With the abrupt resignation of Mark Hurd late last week as the CEO of Hewlett-Packard, questions this week will inevitably turn to the challenges facing the company as it begins the process of looking for a new leader.
When you consider all the fundamental change taking place these days, the challenges facing HP are both myriad and complex, but not necessarily insurmountable. The question is, can an HP that is already pretty divided internally come together to drive the innovations needed to compete across a range of business segments that to one degree or another are under siege.
Under Mark Hurd's tenure, the part of the HP business that shined the most was services. HP was always considered a laggard in services, but with the acquisition of Electronic Data Systems (EDS), services became a major profit and revenue center for the company. But even here the company faces major challenges.
No one is quite sure if the growth in HP services represents net new revenue in the HP ecosystem, or whether the company simply moved revenue away from third-party IT services companies that traditionally partnered with HP in order to compete with the likes of IBM. Obviously, some portion of that services revenue is net new, but IT services that routinely brought HP into deals are more wary of HP than ever.
More important, however, is the fact that the economics of IT services is fundamentally changing in the form of cloud computing. Increasingly, many customers want IT delivered as a service. While EDS is a leader in the hosting business, first Amazon and now IBM are seen as the major drivers of cloud computing in the enterprise. And as this trend evolves, HP is quickly discovering that customers don't have the same appetite for long-term hosting contracts they did when HP acquired EDS.
The second major challenge facing the company comes in the form of a trend known as data center convergence. HP this year regained its leadership in server sales. But the inevitable rise of data center convergence in the enterprise will challenge how HP brings products to market. In fact, many would argue that Cisco has assumed much of the thought leadership in the data center with the launch of its Unified Computing System (UCS) that brings server, storage and networking resources together under a common framework. HP has responded with the BladeSystem Matrix and a Converged Infrastructure strategy that should blunt Cisco's marketing efforts. But there is no doubt that HP now appears to be reactive in the data center space, especially given Cisco's close relationship with EMC and its VMware subsidiary.
And now IBM is pushing a Flex architecture that essentially mirrors everything that HP is trying to do with its Converged Infrastructure architecture, while Dell moved to acquire Scalent to provide similar levels of flexibility.
The Cisco server invasion naturally led to HP's acquisition of 3Com. While HP has been in the networking space for years, most of its focus here has been on the small-to-medium business segment. 3Com added some much-needed data center class networking expertise. But the integration of 3Com with HP in terms of new product development is still a work in progress and it will be many years before HP gains the credibility needed to really challenge Cisco in enterprise-class networking.

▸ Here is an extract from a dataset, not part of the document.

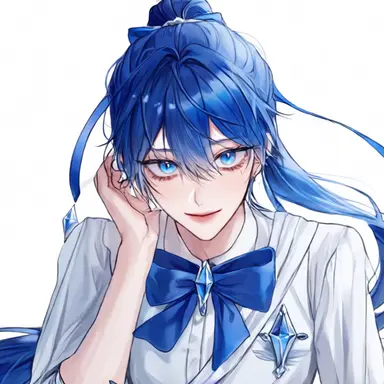 Profile image of 真凜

On the other end of the enterprise spectrum, the PC business is best described as trench warfare. HP is holding its own against traditional rivals such as Dell and, more recently, Acer. But Apple is reinventing the mobile computing business with the arrival of the Apple iPad and HP appears to be fumbling. First there was a Slate offering that would run a version of Windows 7 to compete against Apple. Then there was to be a version that would run Google Android. Then HP turned around and bought Palm, which will deliver a device to compete with the Apple iPad at some unspecified future date.
Even HP's vaunted printer business is under attack as rivals such as Epson and Canon get more aggressive. HP isn't in real danger of losing its dominance here any time soon. But every time HP loses a printer sale, the downstream revenue derived from printer cartridge sales tends to disappear with it.
While Hurd has confronted all of these issues head on, cost cutting within the company has sapped morale. It's hard to say how much the loss of morale within a company that has thousands of employees that are still mourning the loss of the 'HP Way' affect product innovation and ultimately the bottom line, given that HP's rivals are dealing with many of the same issues. But a ranking of 2.3 for the company on Glassdoor.com, a site that tracks the opinion of employees within companies, and an approval rating for Mark Hurd of only 34 percent, indicates that there is still a tremendous amount of dissension within the HP ranks.
The next leader of HP is going to have to be a person of extraordinary ability. For all the talk of the leadership capabilities of the HP management team, right or wrong, every major company in the enterprise IT space today-IBM, Dell, Oracle, Microsoft-is held together by one firm hand at the top. And given the past history of dissension in the HP ranks, now might not be the best time to experiment with an alternative management approach.